A Village may pass an ordinance as long as it is reasonably related to a legitimate municipal purpose. Vecchio at 1003, 533 N.Y.S.2d 634. The test for the constitutionality of an ordinance is that the ordinance must be reasonably related to a legitimate municipal interest. Id. This is the lowest and easiest constitutional standard for an ordinance to meet. However, the party challenging the constitutionality of such an ordinance bears the heavy burden of proving that the ordinance is so arbitrary and capricious that it shocks the conscience.
Vecchio at 1003, 533 N.Y.S.2d 634, quoting Lighthouse Shores v. Town of Islip, 41 N.Y.2d 7, 12, 390 N.Y.S.2d 827, 359 N.E.2d 337 (1976).

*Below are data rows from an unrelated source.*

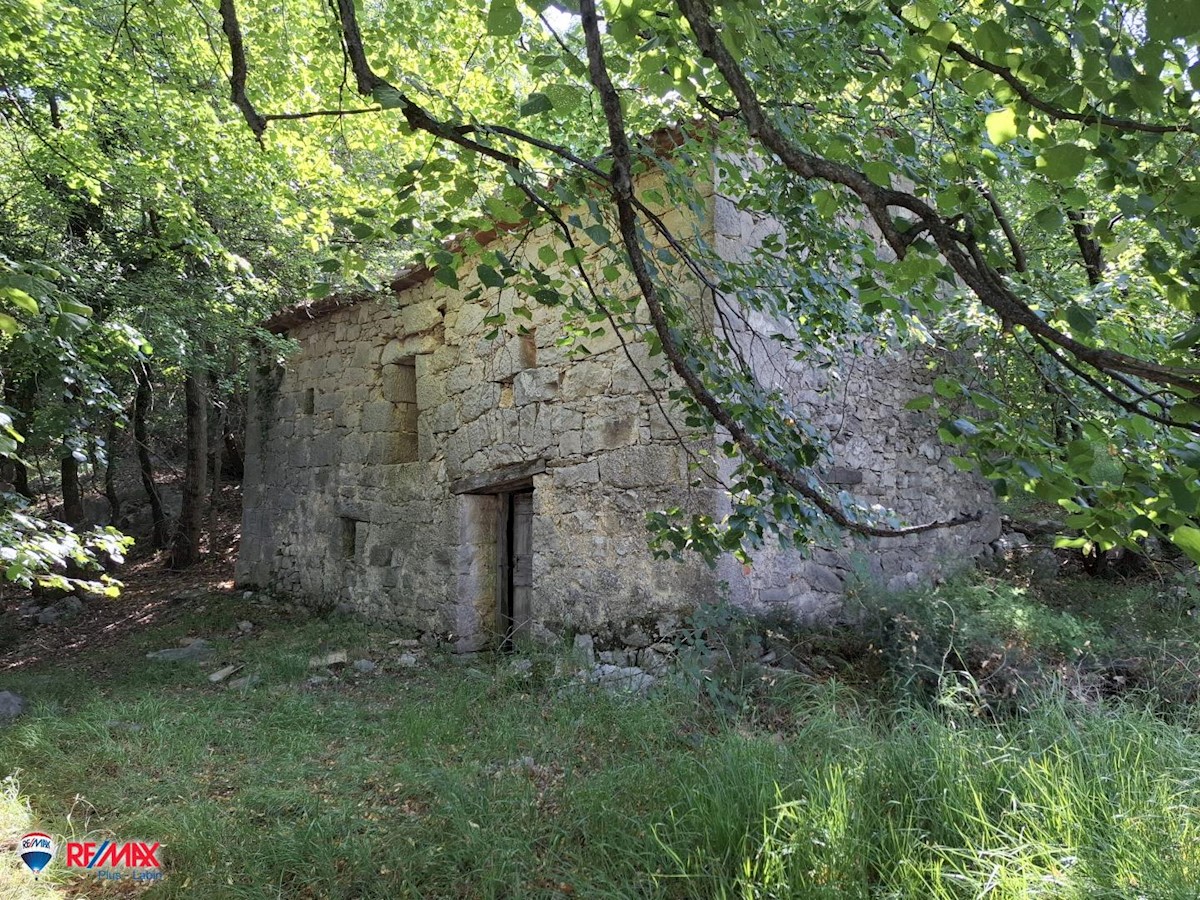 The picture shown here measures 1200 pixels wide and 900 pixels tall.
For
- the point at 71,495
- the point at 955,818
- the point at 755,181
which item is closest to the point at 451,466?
the point at 755,181

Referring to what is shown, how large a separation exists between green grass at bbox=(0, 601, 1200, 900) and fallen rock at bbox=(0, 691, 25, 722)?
0.27 metres

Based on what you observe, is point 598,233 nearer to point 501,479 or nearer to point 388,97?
point 388,97

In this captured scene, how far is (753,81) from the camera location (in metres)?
2.38

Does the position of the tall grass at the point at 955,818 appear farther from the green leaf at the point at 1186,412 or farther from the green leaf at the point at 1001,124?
the green leaf at the point at 1001,124

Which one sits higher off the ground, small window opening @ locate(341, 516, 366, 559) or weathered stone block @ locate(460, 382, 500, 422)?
weathered stone block @ locate(460, 382, 500, 422)

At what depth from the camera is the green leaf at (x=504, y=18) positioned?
151 cm

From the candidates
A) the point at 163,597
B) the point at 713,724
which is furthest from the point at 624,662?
the point at 163,597

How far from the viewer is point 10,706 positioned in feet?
14.5

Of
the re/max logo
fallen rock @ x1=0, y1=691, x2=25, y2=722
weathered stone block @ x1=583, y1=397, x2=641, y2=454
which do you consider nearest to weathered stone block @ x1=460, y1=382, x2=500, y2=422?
weathered stone block @ x1=583, y1=397, x2=641, y2=454

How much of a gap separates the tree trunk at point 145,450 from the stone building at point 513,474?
1358 millimetres

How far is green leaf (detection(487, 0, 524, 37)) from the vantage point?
151 cm

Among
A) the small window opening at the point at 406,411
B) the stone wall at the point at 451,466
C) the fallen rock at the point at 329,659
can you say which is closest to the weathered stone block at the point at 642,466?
the stone wall at the point at 451,466

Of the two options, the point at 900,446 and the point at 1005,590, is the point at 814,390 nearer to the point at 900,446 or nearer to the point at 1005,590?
the point at 900,446

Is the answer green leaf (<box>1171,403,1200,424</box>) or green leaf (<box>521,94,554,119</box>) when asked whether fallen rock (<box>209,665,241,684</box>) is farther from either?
green leaf (<box>1171,403,1200,424</box>) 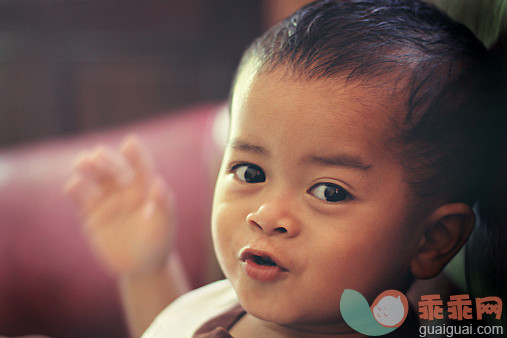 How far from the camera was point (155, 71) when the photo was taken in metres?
1.04

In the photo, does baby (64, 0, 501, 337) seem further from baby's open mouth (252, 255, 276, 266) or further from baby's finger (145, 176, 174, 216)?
baby's finger (145, 176, 174, 216)

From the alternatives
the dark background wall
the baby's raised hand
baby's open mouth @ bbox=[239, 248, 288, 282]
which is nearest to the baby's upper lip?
baby's open mouth @ bbox=[239, 248, 288, 282]

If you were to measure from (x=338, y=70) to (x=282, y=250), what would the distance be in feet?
0.35

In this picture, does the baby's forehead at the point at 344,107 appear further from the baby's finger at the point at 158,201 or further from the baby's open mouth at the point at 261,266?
the baby's finger at the point at 158,201

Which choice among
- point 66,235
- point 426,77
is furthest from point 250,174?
point 66,235

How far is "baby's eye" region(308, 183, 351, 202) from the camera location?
0.27m

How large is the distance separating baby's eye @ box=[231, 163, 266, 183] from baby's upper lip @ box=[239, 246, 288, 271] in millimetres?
43

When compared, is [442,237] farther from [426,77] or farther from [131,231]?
[131,231]

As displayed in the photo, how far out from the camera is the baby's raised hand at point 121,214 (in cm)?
46

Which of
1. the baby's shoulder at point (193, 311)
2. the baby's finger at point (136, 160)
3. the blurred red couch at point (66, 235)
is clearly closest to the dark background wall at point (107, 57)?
the blurred red couch at point (66, 235)

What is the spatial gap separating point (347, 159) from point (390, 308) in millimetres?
96

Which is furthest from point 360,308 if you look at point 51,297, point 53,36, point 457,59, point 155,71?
point 53,36

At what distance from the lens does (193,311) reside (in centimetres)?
36

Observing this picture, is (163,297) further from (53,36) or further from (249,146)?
(53,36) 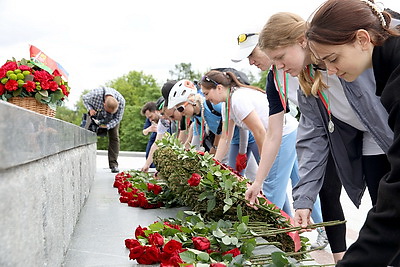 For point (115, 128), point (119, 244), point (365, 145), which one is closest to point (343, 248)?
point (365, 145)

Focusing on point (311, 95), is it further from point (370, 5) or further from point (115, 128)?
point (115, 128)

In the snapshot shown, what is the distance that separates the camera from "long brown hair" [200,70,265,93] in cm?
418

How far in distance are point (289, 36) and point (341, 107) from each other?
45cm

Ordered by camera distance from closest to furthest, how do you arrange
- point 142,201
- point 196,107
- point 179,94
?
point 142,201, point 179,94, point 196,107

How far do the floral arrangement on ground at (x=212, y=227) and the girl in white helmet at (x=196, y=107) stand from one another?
1.18 metres

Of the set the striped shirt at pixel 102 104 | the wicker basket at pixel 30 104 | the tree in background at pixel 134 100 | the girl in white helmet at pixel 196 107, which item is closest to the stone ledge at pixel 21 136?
the wicker basket at pixel 30 104

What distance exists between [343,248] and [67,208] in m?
1.47

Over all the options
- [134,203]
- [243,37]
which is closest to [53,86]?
[134,203]

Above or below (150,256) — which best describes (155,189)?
below

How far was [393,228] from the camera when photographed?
51.6 inches

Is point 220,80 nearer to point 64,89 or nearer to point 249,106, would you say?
point 249,106

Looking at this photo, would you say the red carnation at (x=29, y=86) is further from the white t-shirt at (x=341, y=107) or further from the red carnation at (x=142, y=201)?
the white t-shirt at (x=341, y=107)

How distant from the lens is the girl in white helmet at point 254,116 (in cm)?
377

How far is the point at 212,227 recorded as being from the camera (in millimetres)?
2410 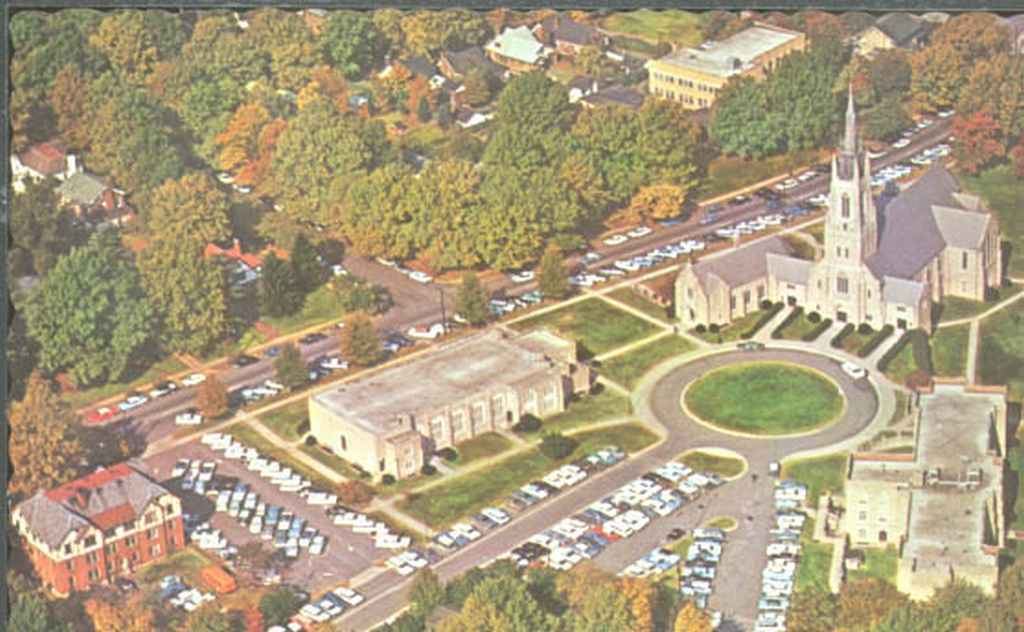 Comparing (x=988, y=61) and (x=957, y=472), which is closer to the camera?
(x=957, y=472)

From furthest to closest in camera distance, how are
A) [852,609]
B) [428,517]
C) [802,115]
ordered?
[802,115], [428,517], [852,609]

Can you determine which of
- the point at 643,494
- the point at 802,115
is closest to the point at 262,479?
the point at 643,494

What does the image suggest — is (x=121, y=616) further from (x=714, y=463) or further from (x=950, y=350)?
(x=950, y=350)

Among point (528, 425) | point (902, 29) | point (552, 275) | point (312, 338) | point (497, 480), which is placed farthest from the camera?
point (902, 29)

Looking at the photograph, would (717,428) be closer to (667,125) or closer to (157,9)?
(667,125)

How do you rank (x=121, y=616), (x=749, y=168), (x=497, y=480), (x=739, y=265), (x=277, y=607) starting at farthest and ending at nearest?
(x=749, y=168), (x=739, y=265), (x=497, y=480), (x=121, y=616), (x=277, y=607)

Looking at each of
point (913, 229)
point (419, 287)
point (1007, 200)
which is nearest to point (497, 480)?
point (419, 287)

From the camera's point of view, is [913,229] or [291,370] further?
[913,229]

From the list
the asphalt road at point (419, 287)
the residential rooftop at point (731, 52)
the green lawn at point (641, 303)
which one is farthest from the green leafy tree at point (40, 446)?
the residential rooftop at point (731, 52) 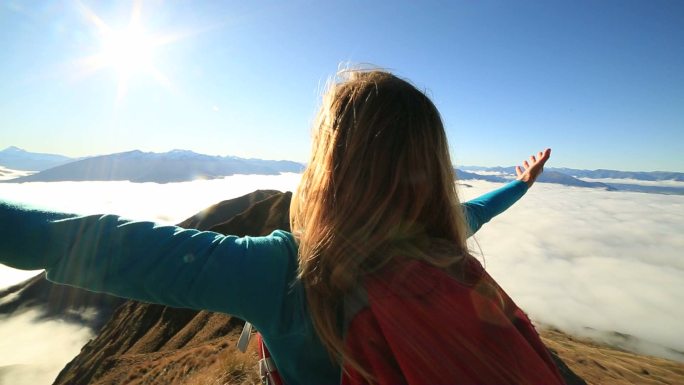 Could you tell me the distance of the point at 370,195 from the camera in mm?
1432

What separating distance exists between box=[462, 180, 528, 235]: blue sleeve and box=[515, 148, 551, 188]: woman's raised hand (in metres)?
0.12

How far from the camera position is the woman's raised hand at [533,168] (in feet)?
14.9

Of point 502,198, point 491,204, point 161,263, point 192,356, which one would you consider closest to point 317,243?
point 161,263

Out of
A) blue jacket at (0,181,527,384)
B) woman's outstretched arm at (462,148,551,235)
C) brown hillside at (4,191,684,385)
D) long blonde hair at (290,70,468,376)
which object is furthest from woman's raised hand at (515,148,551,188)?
brown hillside at (4,191,684,385)

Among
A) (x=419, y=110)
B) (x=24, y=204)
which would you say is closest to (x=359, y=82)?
(x=419, y=110)

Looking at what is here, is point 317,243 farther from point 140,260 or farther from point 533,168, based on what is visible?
point 533,168

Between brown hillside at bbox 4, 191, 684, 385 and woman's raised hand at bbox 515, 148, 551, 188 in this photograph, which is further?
brown hillside at bbox 4, 191, 684, 385

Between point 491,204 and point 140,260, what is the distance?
3851mm

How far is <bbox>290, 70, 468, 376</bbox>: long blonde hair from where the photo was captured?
1340 millimetres

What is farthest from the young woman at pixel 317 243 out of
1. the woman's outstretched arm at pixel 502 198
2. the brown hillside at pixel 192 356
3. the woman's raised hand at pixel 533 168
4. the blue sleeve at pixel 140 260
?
the brown hillside at pixel 192 356

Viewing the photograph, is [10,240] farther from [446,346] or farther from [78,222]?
[446,346]

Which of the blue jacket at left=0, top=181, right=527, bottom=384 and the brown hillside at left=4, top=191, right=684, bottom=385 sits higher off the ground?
the blue jacket at left=0, top=181, right=527, bottom=384

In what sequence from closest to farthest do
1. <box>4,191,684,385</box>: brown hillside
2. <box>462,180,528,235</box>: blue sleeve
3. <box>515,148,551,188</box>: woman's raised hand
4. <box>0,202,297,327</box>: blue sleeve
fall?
<box>0,202,297,327</box>: blue sleeve < <box>462,180,528,235</box>: blue sleeve < <box>515,148,551,188</box>: woman's raised hand < <box>4,191,684,385</box>: brown hillside

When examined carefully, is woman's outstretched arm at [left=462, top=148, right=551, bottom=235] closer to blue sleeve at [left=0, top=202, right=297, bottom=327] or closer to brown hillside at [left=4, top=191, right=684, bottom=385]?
blue sleeve at [left=0, top=202, right=297, bottom=327] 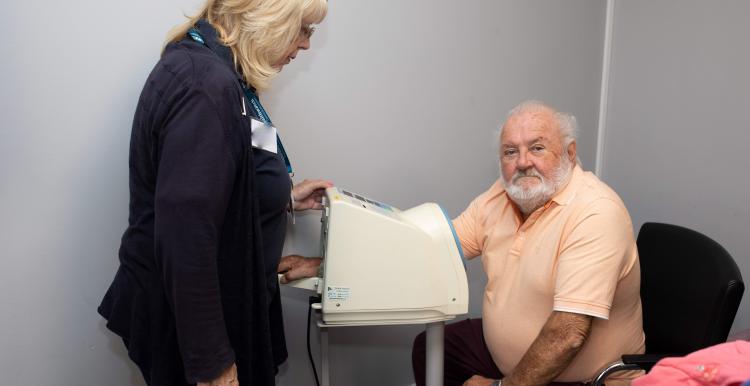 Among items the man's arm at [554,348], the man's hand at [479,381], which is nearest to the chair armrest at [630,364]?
the man's arm at [554,348]

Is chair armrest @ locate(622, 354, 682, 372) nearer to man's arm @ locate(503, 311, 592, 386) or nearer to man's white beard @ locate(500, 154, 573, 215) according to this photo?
man's arm @ locate(503, 311, 592, 386)

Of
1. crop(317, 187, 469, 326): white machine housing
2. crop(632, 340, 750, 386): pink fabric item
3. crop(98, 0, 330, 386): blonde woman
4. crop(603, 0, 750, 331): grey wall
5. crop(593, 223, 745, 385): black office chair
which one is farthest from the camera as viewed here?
crop(603, 0, 750, 331): grey wall

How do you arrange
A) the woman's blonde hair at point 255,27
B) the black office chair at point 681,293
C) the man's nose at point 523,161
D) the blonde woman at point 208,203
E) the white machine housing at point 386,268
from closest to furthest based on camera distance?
the blonde woman at point 208,203, the woman's blonde hair at point 255,27, the white machine housing at point 386,268, the black office chair at point 681,293, the man's nose at point 523,161

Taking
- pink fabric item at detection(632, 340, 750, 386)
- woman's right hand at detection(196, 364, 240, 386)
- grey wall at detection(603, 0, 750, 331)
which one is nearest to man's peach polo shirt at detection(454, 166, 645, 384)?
pink fabric item at detection(632, 340, 750, 386)

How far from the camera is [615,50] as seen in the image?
2.44 m

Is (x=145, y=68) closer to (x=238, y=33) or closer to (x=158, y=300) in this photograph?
(x=238, y=33)

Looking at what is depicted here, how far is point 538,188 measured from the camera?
4.67ft

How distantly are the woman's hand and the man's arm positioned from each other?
0.67 meters

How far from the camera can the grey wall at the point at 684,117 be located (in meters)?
2.07

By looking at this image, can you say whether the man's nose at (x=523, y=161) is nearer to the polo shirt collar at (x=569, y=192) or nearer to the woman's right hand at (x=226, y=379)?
the polo shirt collar at (x=569, y=192)

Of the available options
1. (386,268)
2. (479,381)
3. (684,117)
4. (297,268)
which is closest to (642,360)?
(479,381)

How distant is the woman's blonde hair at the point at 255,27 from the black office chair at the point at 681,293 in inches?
43.1

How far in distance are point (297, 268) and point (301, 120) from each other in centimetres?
46

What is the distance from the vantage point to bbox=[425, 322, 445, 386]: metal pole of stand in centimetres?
140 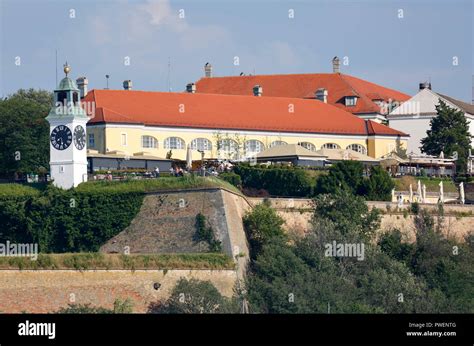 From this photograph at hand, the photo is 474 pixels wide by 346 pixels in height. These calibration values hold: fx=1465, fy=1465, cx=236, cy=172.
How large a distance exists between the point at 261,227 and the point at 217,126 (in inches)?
700

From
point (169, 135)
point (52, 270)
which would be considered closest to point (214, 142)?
point (169, 135)

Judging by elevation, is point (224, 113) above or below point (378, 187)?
above

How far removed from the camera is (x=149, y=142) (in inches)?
2714

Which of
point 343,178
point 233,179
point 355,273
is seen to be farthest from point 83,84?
point 355,273

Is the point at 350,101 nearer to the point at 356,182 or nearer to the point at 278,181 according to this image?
the point at 356,182

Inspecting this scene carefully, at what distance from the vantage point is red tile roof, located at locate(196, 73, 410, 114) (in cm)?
8150

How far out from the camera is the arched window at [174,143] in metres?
69.5

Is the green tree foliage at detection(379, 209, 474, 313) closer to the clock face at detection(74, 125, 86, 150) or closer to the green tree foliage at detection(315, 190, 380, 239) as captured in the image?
the green tree foliage at detection(315, 190, 380, 239)

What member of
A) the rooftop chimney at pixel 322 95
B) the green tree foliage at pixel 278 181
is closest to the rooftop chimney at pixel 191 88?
the rooftop chimney at pixel 322 95

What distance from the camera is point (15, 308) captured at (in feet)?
153

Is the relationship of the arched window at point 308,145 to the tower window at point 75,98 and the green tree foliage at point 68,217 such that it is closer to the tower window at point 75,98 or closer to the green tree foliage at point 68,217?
the tower window at point 75,98

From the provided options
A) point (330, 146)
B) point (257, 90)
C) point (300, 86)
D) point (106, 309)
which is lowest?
point (106, 309)

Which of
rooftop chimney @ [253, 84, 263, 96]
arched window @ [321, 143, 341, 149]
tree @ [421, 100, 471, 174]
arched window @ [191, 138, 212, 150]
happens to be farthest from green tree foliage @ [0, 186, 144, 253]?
rooftop chimney @ [253, 84, 263, 96]

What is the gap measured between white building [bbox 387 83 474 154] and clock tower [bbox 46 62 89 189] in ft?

At the outset, the defendant's interstate commerce argument must fail. First, there is no proof in the case at bar that any of the defendant's drivers received summonses outside the Village of Westbury. Thus, the defendant's interstate commerce argument has no merit. Congress has explicitly exempted taxicabs from federal regulation because taxicabs are local in nature. The Miscellaneous Motor Carrier Transportation Exemptions, 49 U.S.C. § 10526(a)(2), states that: "The Interstate Commerce Commission (hereinafter ICC) does not have jurisdiction * * * over * * * motor vehicles providing taxicab service and having a capacity of not more than 6 passengers and is not operated on a regular route or between specified places." The ICC has consistently interpreted taxicab service as inherently local in activity, not involving transportation distances more than 70 miles. ICC v. Mr. B's Services, 934 F.2d 117 (7th Cir.1991).
However, in Buck v. California, 343 U.S. 99, 72 S.Ct. 502, 96 L.Ed. 775 (1952), the Supreme Court of the United States stated: "The Interstate Commerce Commission ... has promulgated regulations establishing minimum qualifications for drivers of motor vehicles for carriers, including taxicabs ... this does not prevent the state or a subdivision thereof ... from providing additional specifications as to qualifications ..." Id. at 102, 72 S.Ct. at 504. The Court went on to state: Id. at 102, 72 S.Ct. at 504.
In Buck, the defendant was charged with driving taxicabs in the unincorporated area of San Diego County without a permit. The defendant picked up passengers in Mexico and transported them across the United States border, across the unincorporated area of San Diego to points not in the unincorporated area where they were arrested. The Supreme Court ruled that taxicabs are so detached from interstate or foreign commerce that "so long as there is no attempt to discriminatorily regulate or directly burden or charge for the privilege of doing business in interstate or foreign commerce, the regulation is valid." Id. at 102, 72 S.Ct. at 504. The Court stressed that taxicabs are "essentially local." Id.
In the case at bar there is no proof that the defendant's taxicabs are involved in interstate commerce. The only relation to interstate commerce would be passengers being picked up at the Long Island Railroad Station in the Village. However, that is only an indirect relationship to interstate commerce because all the activity in the instant action occurred within the borders of the Village.